Colin Moran: The 3B/1B was a man without a position for Houston as he was blocked at third by Alex Bregman and part of a crowd at first. The 25-year-old left-handed hitter (throws right) was a first-round pick in the 2013 MLB Draft (6th overall by Miami) and hit .308/.373/.534 with 18 homers in 79 games in AAA. He's only been in 16 MLB games, hitting .206, but he's made an effort to pull the ball more that resulted in a power boost, at least in the minors.  Moran is considered MLB-ready; his coming-out last year was delayed when he suffered facial fractures from a foul. He can play both corners and possibly outfield with some reps, so he'll give the Bucs a lefty with corner versatility, providing a partner for David Freese and at least a bridge for K'Bryan Hayes. Moran has five years of team control.

Michael Feliz: The 24-year-old Dominican righty may have been brought up too soon by the 'Stros; he only has 8-1/3 AAA IP, and that was in 2016. They converted him from minor-league starter to the pen. In three years at Houston, he's gone 12-3, albeit with a 5.13 ERA although with a better-looking 3.67 FIP. Feliz misses bats with 172 K in 121 MLB frames, but also has inconsistent control and gives up 1.5 dingers per nine. He's intriguing because of his stuff but a question mark due to his control. It'll be interesting to see if the Pirates keep him in the pen, as they suggested in their trade release, or consider stretching him out with a three-pitch toolkit of heater, slider and change. He won't be arb-eligible until 2019.

Jason Martin: Martin was Houston's eighth-round pick in the 2013 draft out of high school. The 22-year-old outfielder played in High A and AA last year, slashing .278/.332/.487 between the two, showing good power while whiffing 100+ times. Martin has an average arm, projecting as a LF/4th outfielder. He'll join the Bucs pipeline in the minors (probably Altoona; he was offered as a Rule 5 player but teams passed because of his rawness) in a position that's not very deep in the organization.


WilliamJPellas said...

If Moran works out as a major league starter to replace Kang at third, and the Pirates get some useful bullpen innings out of the other two guys, this trade might work out alright.
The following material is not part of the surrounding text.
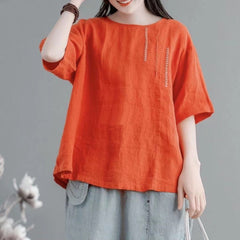 O-Neck Half Sleeve Women's Orange Shirt Loose Fit Top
Not great, but alright.

Let's not forget a couple of things about Cole. First, despite his outstanding raw stuff, he never really put it together for a full season in Pittsburgh other than 2015. While he was really good that year, it was also the only one where he really looked like the high draft pick that he was.

Also: he had a losing record in college. That tells me that he never did have a particularly good idea of how to pitch, as opposed to being able to throw hard.
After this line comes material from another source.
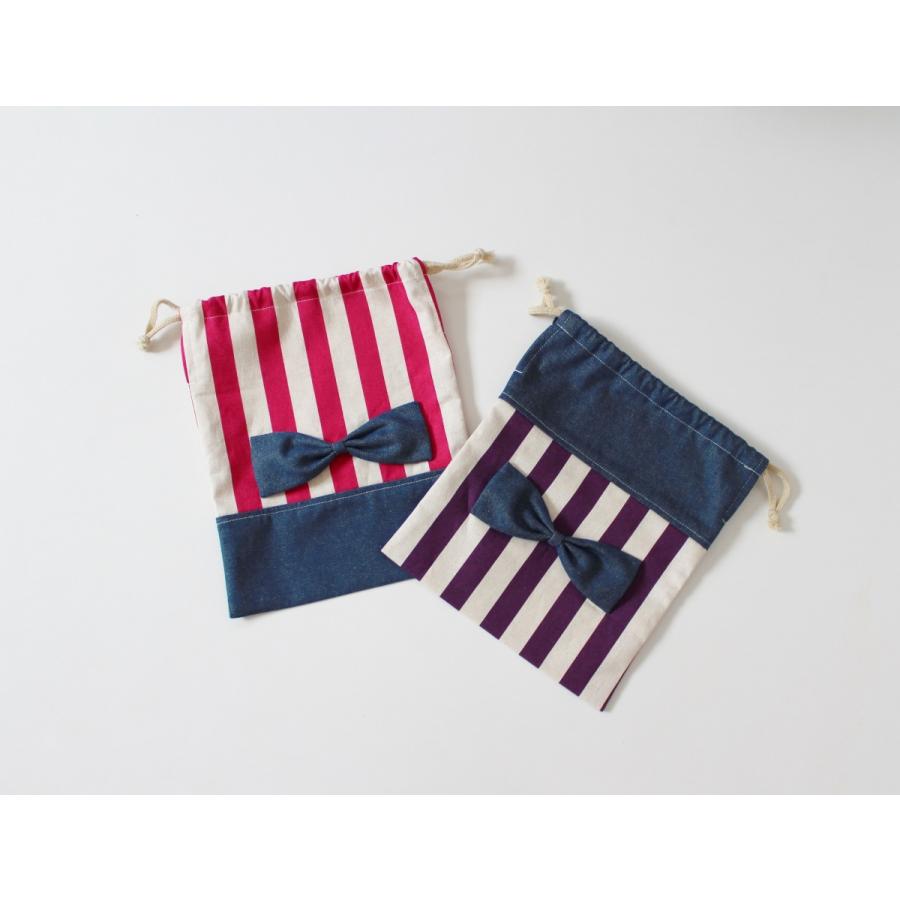 リボン巾着袋☆永遠の定番・ストライプ×デニム☆エプロンセット袋にも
And of course there was his grandstanding about being underpair in spring training in 2016--obviously "encouraged" by his wonderful agent. Cole was never, ever going to re-sign in Pittsburgh no matter what. And when he failed to back up his big mouth with on-field performance over the past two seasons, it was time to move on. He had plenty of arm problems the past two campaigns, and if blows his arm out in Houston, the timing of this deal will look much better.

In short: while it would have been nice to get a near-elite prospect in exchange for Cole, Cole himself is NOT a near-elite major league pitcher. I'm not sure the team didn't do about as well as it could have with this deal, all things considered.

Ron Ieraci said...

Agreed, Will. There's always been debate on Cole's status as an ace arm, but his production doesn't match his potential, and the value other teams placed on him show that. He may still see the light, but his Pirates clock ran out of ticks. Moran, I think, is key - the pitchers look like bullpen material (Feliz strikes me as Arquimedes Caminero 2.0; hope Uncle Ray has some pixie dust for him) and Martin has the look of a depth piece.